(Dataset entries)
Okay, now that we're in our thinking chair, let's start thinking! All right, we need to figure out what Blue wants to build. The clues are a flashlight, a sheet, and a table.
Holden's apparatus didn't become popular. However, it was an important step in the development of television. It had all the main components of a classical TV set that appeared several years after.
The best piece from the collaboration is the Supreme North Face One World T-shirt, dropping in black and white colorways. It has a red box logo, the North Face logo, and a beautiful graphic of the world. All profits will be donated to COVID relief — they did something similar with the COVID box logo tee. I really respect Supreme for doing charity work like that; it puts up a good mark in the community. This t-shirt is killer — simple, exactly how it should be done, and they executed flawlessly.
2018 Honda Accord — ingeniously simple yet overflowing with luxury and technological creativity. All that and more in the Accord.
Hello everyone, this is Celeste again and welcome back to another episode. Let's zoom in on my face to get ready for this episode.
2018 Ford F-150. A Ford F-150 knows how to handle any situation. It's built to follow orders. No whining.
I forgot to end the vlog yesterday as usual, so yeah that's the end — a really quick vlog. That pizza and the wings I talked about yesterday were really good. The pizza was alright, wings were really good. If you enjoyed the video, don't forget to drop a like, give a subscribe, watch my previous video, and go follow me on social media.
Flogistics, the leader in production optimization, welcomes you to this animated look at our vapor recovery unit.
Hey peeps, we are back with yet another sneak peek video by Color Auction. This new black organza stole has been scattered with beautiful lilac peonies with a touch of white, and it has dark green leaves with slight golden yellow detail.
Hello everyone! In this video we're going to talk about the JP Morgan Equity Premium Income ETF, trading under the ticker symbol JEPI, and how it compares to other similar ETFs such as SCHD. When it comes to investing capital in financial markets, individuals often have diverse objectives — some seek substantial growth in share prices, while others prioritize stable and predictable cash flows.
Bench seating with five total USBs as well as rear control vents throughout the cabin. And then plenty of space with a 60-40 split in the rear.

- Task objective: Please transcribe the records exactly from their first line through the line holding "Holden's apparatus didn't", and leave out all others.

- Finished exercise:
Okay, now that we're in our thinking chair, let's start thinking! All right, we need to figure out what Blue wants to build. The clues are a flashlight, a sheet, and a table.
Holden's apparatus didn't become popular. However, it was an important step in the development of television. It had all the main components of a classical TV set that appeared several years after.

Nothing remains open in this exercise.